I have a Quadro M5000 that is displaying uncorrectable double bit errors.
The server was under heavy load due to the irq/285-nvidia process, so I could only partially run nvidia-bug-report.sh before it appeared to hang. Looking through this file after a reboot, I found 30 or so of the following error messages between the beginning of April and today.
Apr 08 23:44:33 p186 kernel: NVRM: RmInitAdapter failed! (0x53:0x65:1949)
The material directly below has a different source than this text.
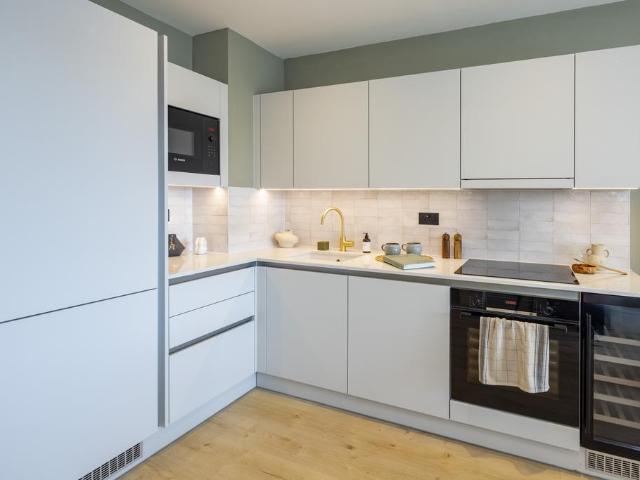 The Draper, 19 Beaufort Square. Studio to rent £1,995 pcm £460 pw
Apr 08 23:44:33 p186 kernel: NVRM: rm_init_adapter failed for device bearing minor number 1
Apr 09 00:09:03 p186 kernel: NVRM: GPU at PCI:0000:84:00: GPU-3ef61a56-fffe-aa7c-4fb4-d303ea4a1e3f
Apr 09 00:09:03 p186 kernel: NVRM: Xid (PCI:0000:84:00): 48, An uncorrectable double bit error (DBE) has been detected on GPU in the framebuffer at partition 2, subpartition 1.
Looking up the last error message, it appears the memory is failing on the GPU. The following nvidia documentation explains how these DBE errors are due to bad memory cells.
The RMA section of that page says we should look into an RMA after 10 such errors. Can you verify if this GPU is failing and needs to be replaced?